§ EXERCISE REQUIREMENTS
The expected result is the material below, reproduced exactly from its first line through the line containing "Behind the Pine".

§ SUPPLIED MATERIAL
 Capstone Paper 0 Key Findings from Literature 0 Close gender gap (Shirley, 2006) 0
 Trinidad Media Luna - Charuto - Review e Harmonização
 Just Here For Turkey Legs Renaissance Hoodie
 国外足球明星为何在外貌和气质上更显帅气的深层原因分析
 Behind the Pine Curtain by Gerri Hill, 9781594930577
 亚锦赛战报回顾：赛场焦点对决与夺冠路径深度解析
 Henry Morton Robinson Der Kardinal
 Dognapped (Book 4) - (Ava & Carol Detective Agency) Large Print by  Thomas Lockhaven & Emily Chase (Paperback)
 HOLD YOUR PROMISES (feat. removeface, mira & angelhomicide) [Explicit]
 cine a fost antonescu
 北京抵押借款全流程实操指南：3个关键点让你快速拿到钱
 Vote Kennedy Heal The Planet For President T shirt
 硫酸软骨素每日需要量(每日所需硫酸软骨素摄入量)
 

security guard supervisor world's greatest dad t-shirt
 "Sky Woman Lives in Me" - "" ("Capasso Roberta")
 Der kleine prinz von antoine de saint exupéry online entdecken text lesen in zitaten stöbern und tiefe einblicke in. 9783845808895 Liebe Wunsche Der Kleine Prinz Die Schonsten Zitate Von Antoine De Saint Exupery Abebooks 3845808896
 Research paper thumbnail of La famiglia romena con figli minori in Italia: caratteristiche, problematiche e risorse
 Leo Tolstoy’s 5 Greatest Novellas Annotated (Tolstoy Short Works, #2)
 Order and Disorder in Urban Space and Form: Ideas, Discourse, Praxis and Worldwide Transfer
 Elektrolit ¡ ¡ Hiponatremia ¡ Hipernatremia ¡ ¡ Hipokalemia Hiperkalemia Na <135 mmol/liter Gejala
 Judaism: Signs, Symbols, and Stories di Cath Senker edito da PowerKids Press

§ TASK RESULT
 Capstone Paper 0 Key Findings from Literature 0 Close gender gap (Shirley, 2006) 0
 Trinidad Media Luna - Charuto - Review e Harmonização
 Just Here For Turkey Legs Renaissance Hoodie
 国外足球明星为何在外貌和气质上更显帅气的深层原因分析
 Behind the Pine Curtain by Gerri Hill, 9781594930577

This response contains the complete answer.